PROMPT:
What you return must match the records exactly, with every line included.
START GIVEN DATA
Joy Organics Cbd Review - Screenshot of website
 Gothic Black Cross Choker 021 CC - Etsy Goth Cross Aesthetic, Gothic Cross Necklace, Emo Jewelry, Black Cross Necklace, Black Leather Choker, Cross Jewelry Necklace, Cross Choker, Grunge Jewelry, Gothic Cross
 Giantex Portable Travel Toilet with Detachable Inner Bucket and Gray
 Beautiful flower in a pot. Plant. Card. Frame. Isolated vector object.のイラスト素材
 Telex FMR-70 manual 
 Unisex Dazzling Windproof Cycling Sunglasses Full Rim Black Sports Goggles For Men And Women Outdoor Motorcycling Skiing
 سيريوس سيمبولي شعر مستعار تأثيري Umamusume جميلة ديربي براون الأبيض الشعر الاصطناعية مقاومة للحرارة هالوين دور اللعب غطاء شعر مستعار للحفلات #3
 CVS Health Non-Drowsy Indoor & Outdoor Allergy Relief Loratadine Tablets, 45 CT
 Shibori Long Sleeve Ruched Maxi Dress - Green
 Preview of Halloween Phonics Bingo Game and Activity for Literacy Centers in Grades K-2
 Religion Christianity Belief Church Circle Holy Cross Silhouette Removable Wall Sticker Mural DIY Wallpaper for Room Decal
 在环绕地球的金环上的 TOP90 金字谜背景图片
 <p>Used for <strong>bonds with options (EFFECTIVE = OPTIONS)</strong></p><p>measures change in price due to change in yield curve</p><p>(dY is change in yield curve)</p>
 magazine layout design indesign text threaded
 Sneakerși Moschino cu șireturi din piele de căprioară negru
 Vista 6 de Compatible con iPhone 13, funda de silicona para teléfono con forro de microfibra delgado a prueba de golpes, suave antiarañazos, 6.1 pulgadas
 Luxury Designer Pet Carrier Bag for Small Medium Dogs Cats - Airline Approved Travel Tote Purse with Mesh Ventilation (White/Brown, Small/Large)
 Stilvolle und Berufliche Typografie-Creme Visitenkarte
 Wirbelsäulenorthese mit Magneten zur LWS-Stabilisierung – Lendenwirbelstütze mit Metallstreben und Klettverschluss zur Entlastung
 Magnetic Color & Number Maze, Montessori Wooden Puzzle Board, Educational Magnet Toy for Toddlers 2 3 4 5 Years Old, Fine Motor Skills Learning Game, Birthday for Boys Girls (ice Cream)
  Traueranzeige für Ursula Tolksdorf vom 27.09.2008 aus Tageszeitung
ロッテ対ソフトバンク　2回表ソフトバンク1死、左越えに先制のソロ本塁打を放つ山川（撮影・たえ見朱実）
END GIVEN DATA
WORKED SOLUTION:
Joy Organics Cbd Review - Screenshot of website
 Gothic Black Cross Choker 021 CC - Etsy Goth Cross Aesthetic, Gothic Cross Necklace, Emo Jewelry, Black Cross Necklace, Black Leather Choker, Cross Jewelry Necklace, Cross Choker, Grunge Jewelry, Gothic Cross
 Giantex Portable Travel Toilet with Detachable Inner Bucket and Gray
 Beautiful flower in a pot. Plant. Card. Frame. Isolated vector object.のイラスト素材
 Telex FMR-70 manual 
 Unisex Dazzling Windproof Cycling Sunglasses Full Rim Black Sports Goggles For Men And Women Outdoor Motorcycling Skiing
 سيريوس سيمبولي شعر مستعار تأثيري Umamusume جميلة ديربي براون الأبيض الشعر الاصطناعية مقاومة للحرارة هالوين دور اللعب غطاء شعر مستعار للحفلات #3
 CVS Health Non-Drowsy Indoor & Outdoor Allergy Relief Loratadine Tablets, 45 CT
 Shibori Long Sleeve Ruched Maxi Dress - Green
 Preview of Halloween Phonics Bingo Game and Activity for Literacy Centers in Grades K-2
 Religion Christianity Belief Church Circle Holy Cross Silhouette Removable Wall Sticker Mural DIY Wallpaper for Room Decal
 在环绕地球的金环上的 TOP90 金字谜背景图片
 <p>Used for <strong>bonds with options (EFFECTIVE = OPTIONS)</strong></p><p>measures change in price due to change in yield curve</p><p>(dY is change in yield curve)</p>
 magazine layout design indesign text threaded
 Sneakerși Moschino cu șireturi din piele de căprioară negru
 Vista 6 de Compatible con iPhone 13, funda de silicona para teléfono con forro de microfibra delgado a prueba de golpes, suave antiarañazos, 6.1 pulgadas
 Luxury Designer Pet Carrier Bag for Small Medium Dogs Cats - Airline Approved Travel Tote Purse with Mesh Ventilation (White/Brown, Small/Large)
 Stilvolle und Berufliche Typografie-Creme Visitenkarte
 Wirbelsäulenorthese mit Magneten zur LWS-Stabilisierung – Lendenwirbelstütze mit Metallstreben und Klettverschluss zur Entlastung
 Magnetic Color & Number Maze, Montessori Wooden Puzzle Board, Educational Magnet Toy for Toddlers 2 3 4 5 Years Old, Fine Motor Skills Learning Game, Birthday for Boys Girls (ice Cream)
  Traueranzeige für Ursula Tolksdorf vom 27.09.2008 aus Tageszeitung
ロッテ対ソフトバンク　2回表ソフトバンク1死、左越えに先制のソロ本塁打を放つ山川（撮影・たえ見朱実）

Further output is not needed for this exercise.